(Exercise data)
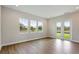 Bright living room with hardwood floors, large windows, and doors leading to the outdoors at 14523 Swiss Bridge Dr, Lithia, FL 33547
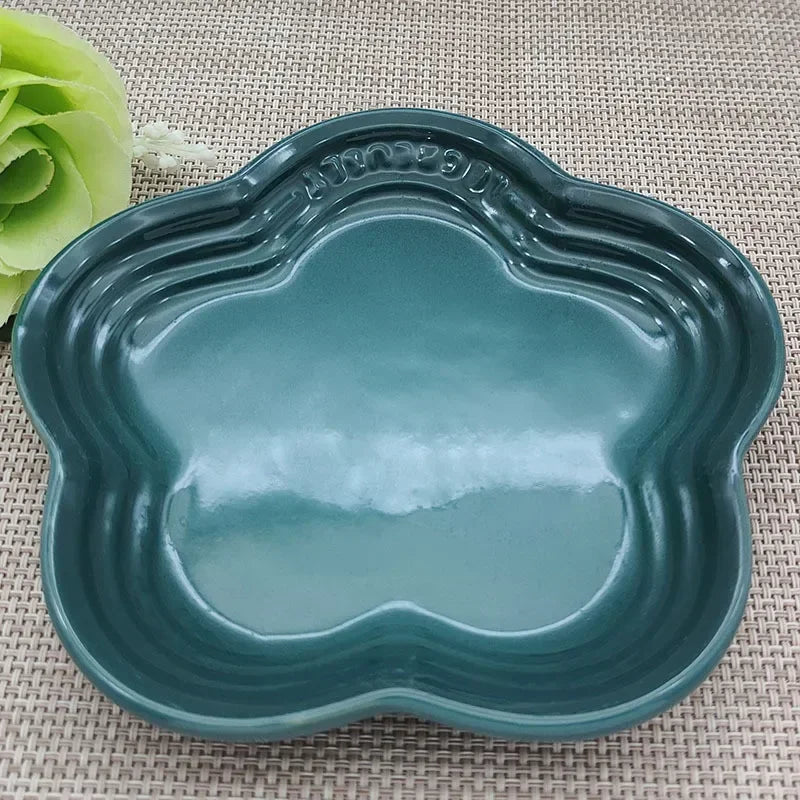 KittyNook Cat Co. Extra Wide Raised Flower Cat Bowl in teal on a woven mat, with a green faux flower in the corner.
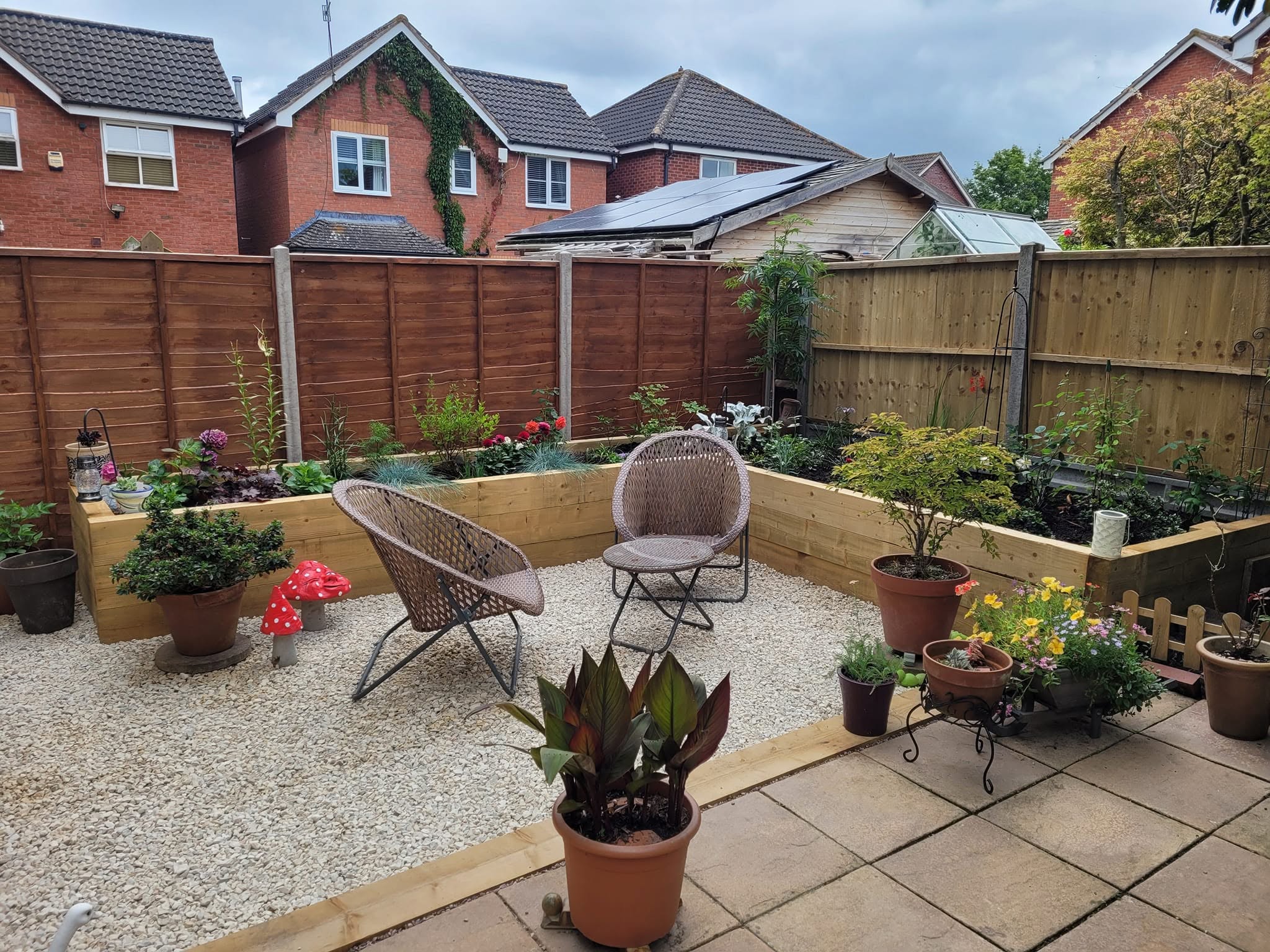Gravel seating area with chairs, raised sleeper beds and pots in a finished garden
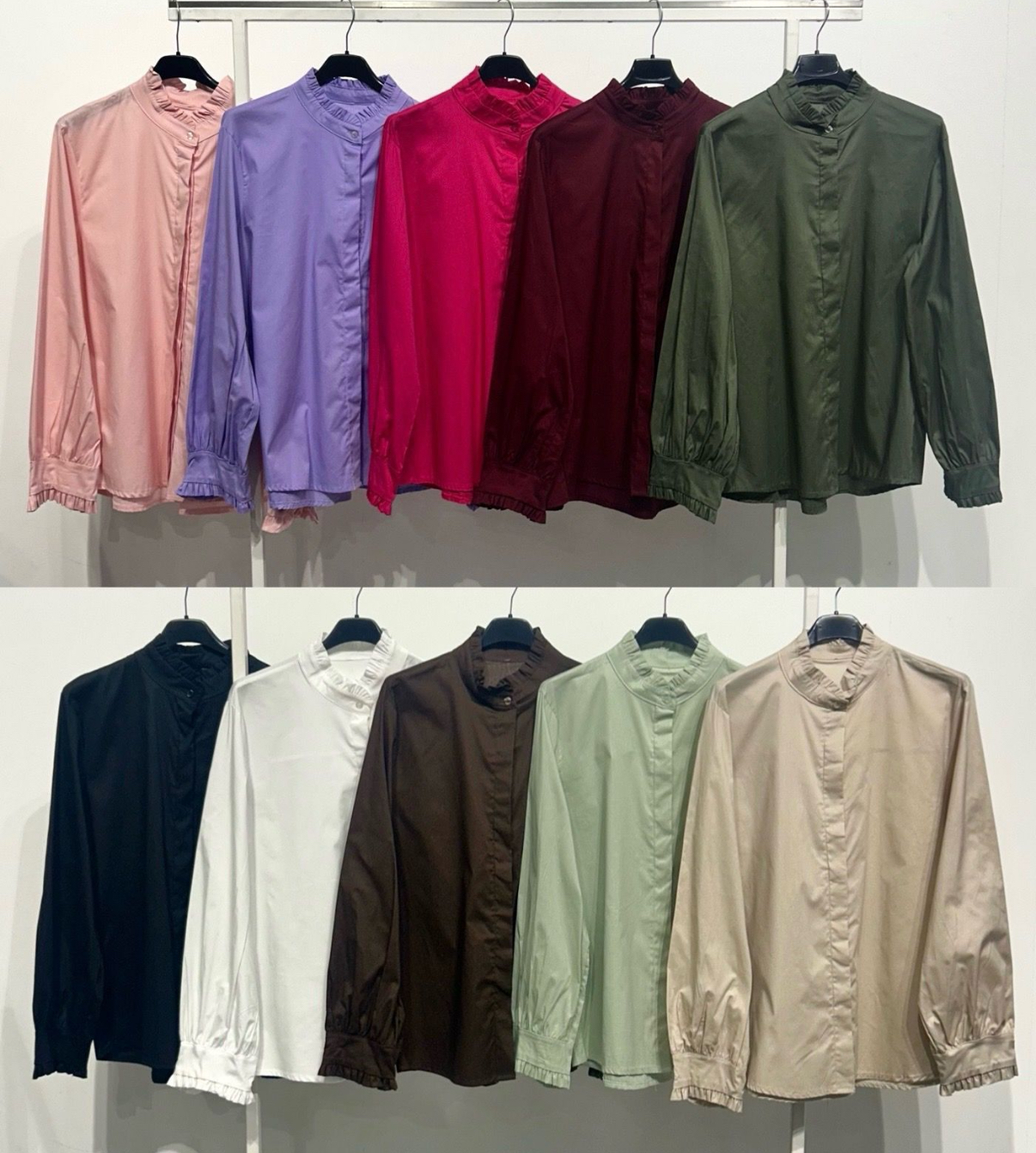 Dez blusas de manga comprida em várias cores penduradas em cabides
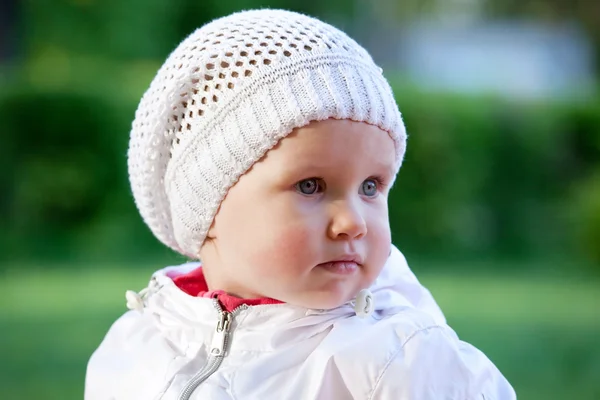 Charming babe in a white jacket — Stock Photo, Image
(End Exercise data)
(Exercise data)
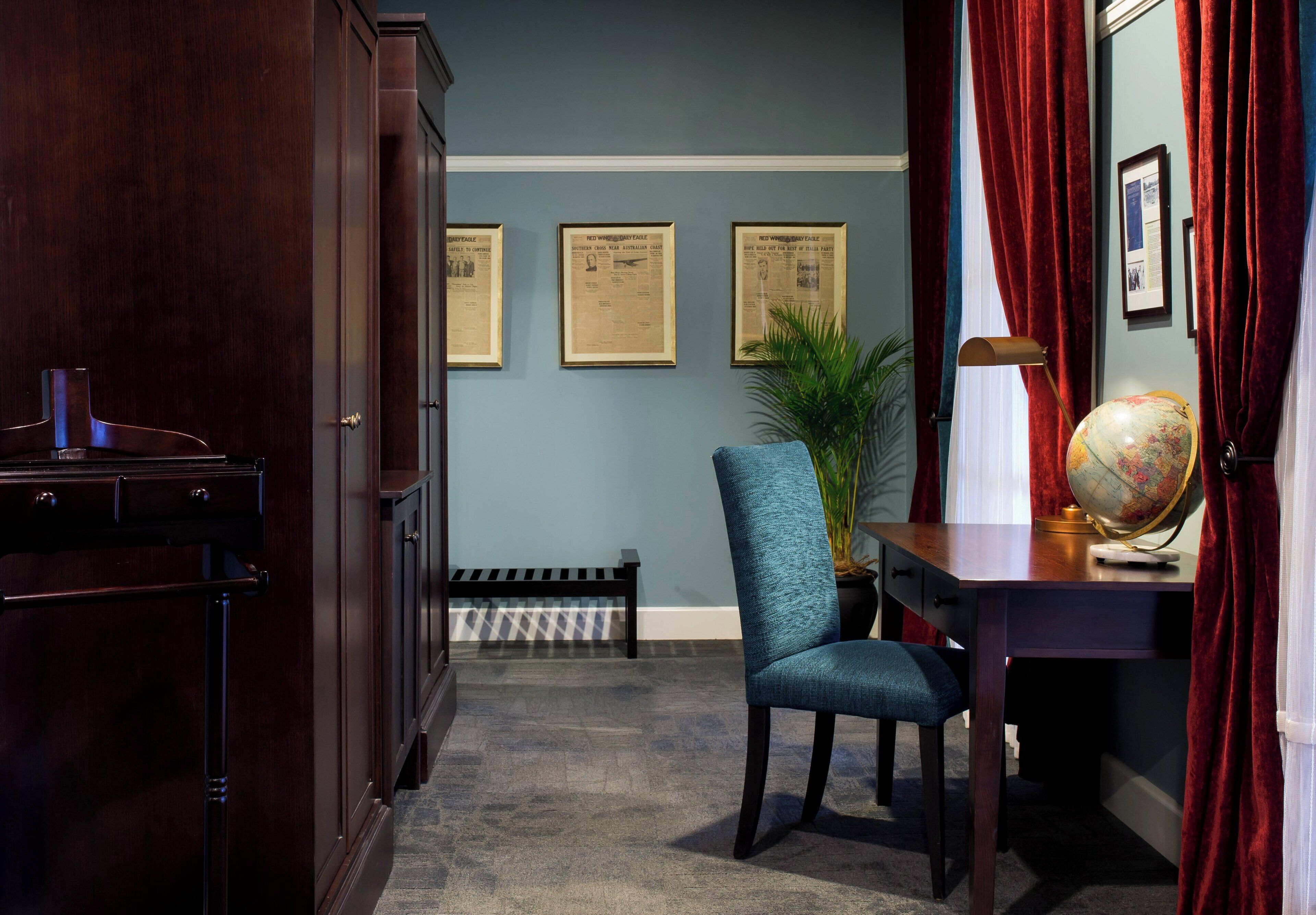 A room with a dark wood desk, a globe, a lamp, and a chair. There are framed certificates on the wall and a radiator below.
(End Exercise data)
### [The problem]
From the records above, copy exactly the stretch from the line holding "Dez blusas de" through the line holding "Charming babe in", both ends included, without the pictures.

### [Exercise result]
 Dez blusas de manga comprida em várias cores penduradas em cabides
 Charming babe in a white jacket — Stock Photo, Image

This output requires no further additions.